I would think adding a simple timestamp to the message would be helpful instead of just a Boolean “has been scanned” type of flag. With the timestamp you could at least say something like “this ticket was previously scanned at <time>.” Then from that message you would know whether it was an accidental double scan (the time being within seconds of now) or whether some time had passed, which I would hope would raise an eyebrow.
Edit: I have no idea what the actual messaging looks like. It could indeed have a timestamp. I’m just hypothesizing.
Even that’s going to have many more false positives and be annoying which will cause the attendants to be tempted to hit the “it’s fine” button.
For example, I suspect a decent number are couples/families that print multiple copies of boarding passes and two accidentally try to use the same one.

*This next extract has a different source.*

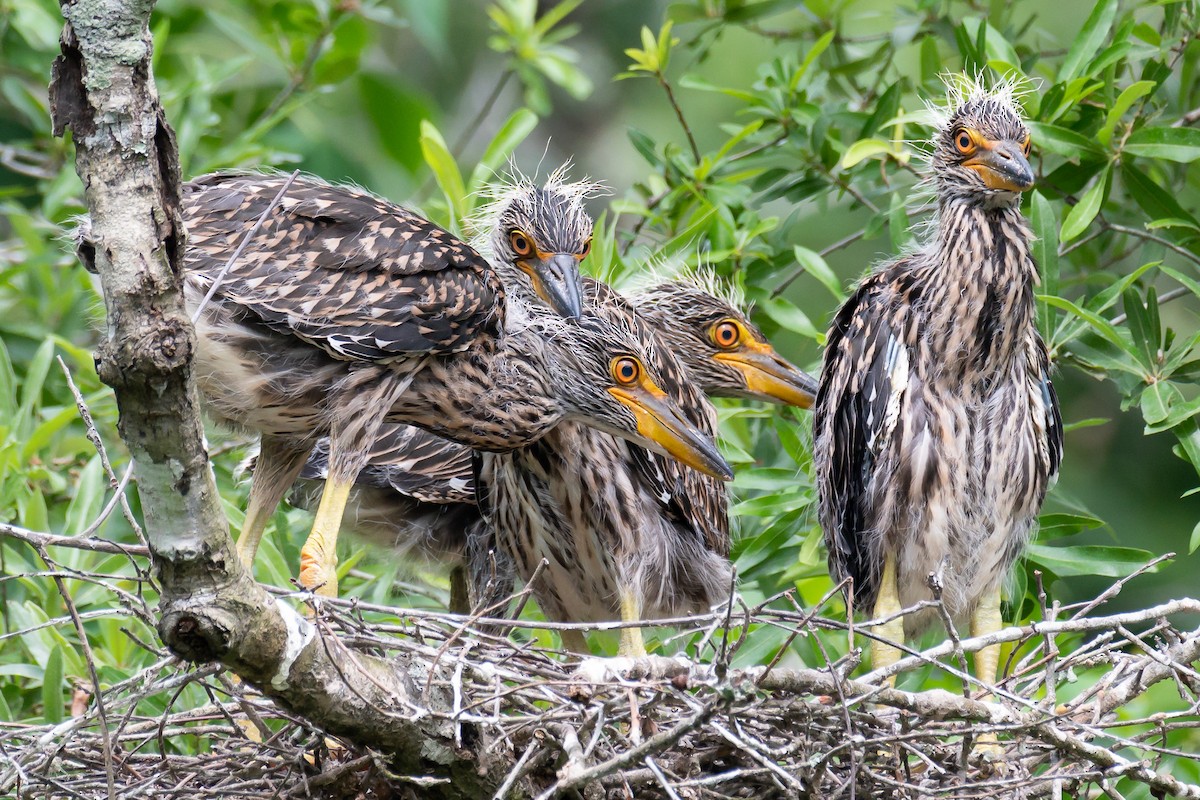 Yellow-crowned Night Heron - ML571259681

And like most security measures, humans are the weak link. The scanning system did mark the barcode as already used/invalid, but the staff assumed it was a glitch and let them on.
These sorts of issues aren't always the software's fault. Sometimes it's human error.

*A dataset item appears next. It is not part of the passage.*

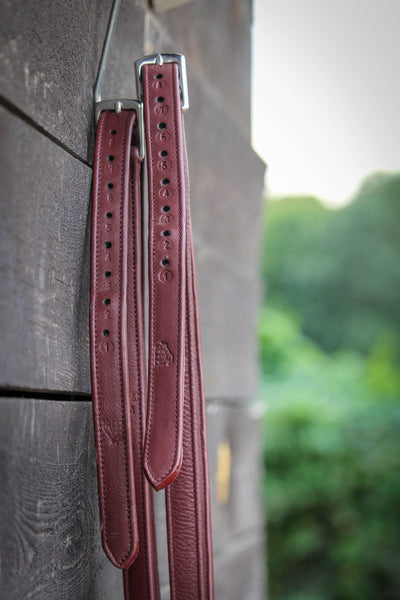 Leather Stirrup Straps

I've been prevented from boarding because the airline sent all the party tickets as a single PDF and my confused family members all scanned the first barcode they saw.
When things fail, we gain little by punishing the person who was operating the system. Instead, we must ask, "why did the system allow this failure?" Fix that root cause, because the operator is not the root cause here.
Why did the system securing the plane let the operator override the error and allow an unauthorized passenger on the plane?
Should be easy enough, UI shows the picture of the guy who scanned the first ticket and system tells operator you go and check his ticket. If you can't find him on the plane he's hiding in the bathroom, call security to get him out.
Because software is full of bugs, false assumptions, and ambiguities, people make mistakes, information doesn't transfer perfectly between airlines, and rare situations become common when you are dealing with enough people. If the gate agent can't override the system, the airline cannot operate.
I've lived in a number of countries in the past 10+ years and encountered more than my fair share of edge cases when flying. On the average, the gate agent has to override something 1-2 times per year when I fly internationally.
It also creates a bad safety culture to over-punish mistakes, because then people don't report them for fear of being fired and the system can't be improved to minimize future mistakes.